Figure 3.

Characterization of CM1 staining. (A) Specificity of the anti-CM1 polyclonal rabbit antibody. Western immunoblot of activated caspase-3 from 50 μg of SNpc protein extracted from four parkinsonian mesencephalons (lane a), 15 μg of untreated Jurkat cell lysate (lane b), and 15 μg of Jurkat cell lysate preincubated with 500 ng of human recombinant caspase-3 for 60 min at 37°C (lane c) after SDS/PAGE. Molecular mass markers in the first lane are given in kDa and allow identification of the cleaved p17 subunit at molecular masses of 17 kDa in lane c (A).

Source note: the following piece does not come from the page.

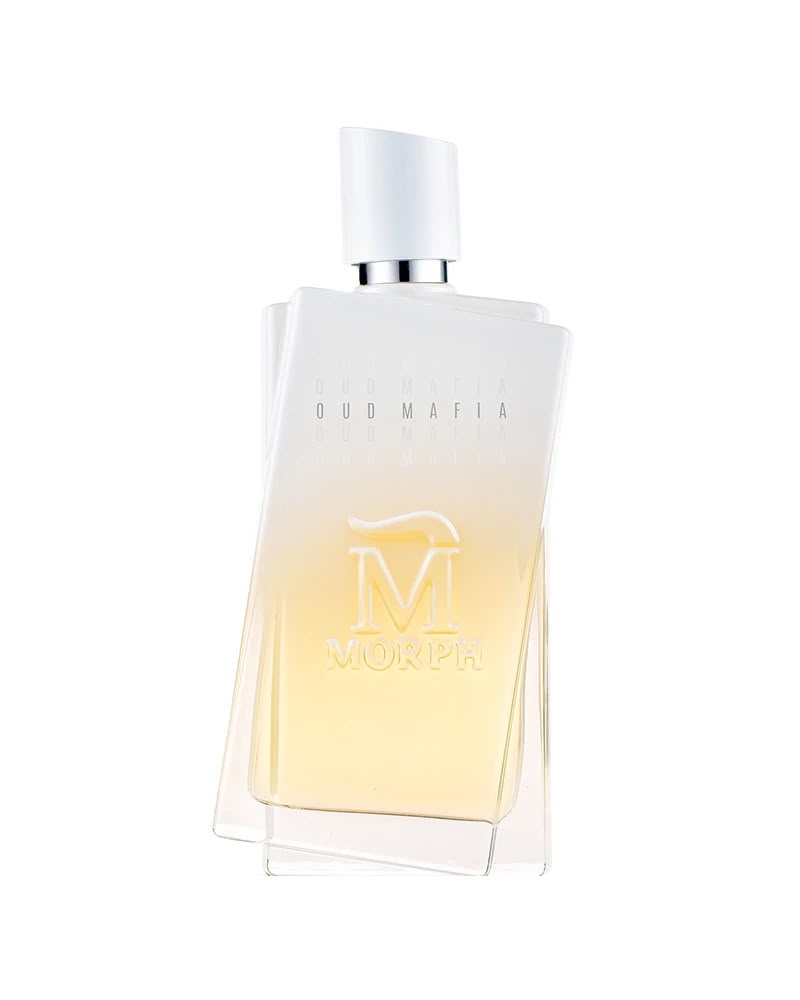 Morph Oud Mafia 100 ml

Note that in the homogenate of the parkinsonian SNpc, activated caspase-3 is not detectable because of its presence in only a few cells. (B–D) High-power photomicrograph showing cytosolic-activated caspase-3 immunostaining (CM1 antibody) of SNpc neuromelanin-containing neurons in transverse sections of control SNpc. (E) High-power photomicrograph showing Lewy bodies stained with antiubiquitin (arrow) and co-CM1 immunostaining of SNpc neuromelanin-containing neurons in transverse sections of PD SNpc. Note the presence of both Lewy bodies and CM1 staining in a single neuron. (Bar = 30 μm.)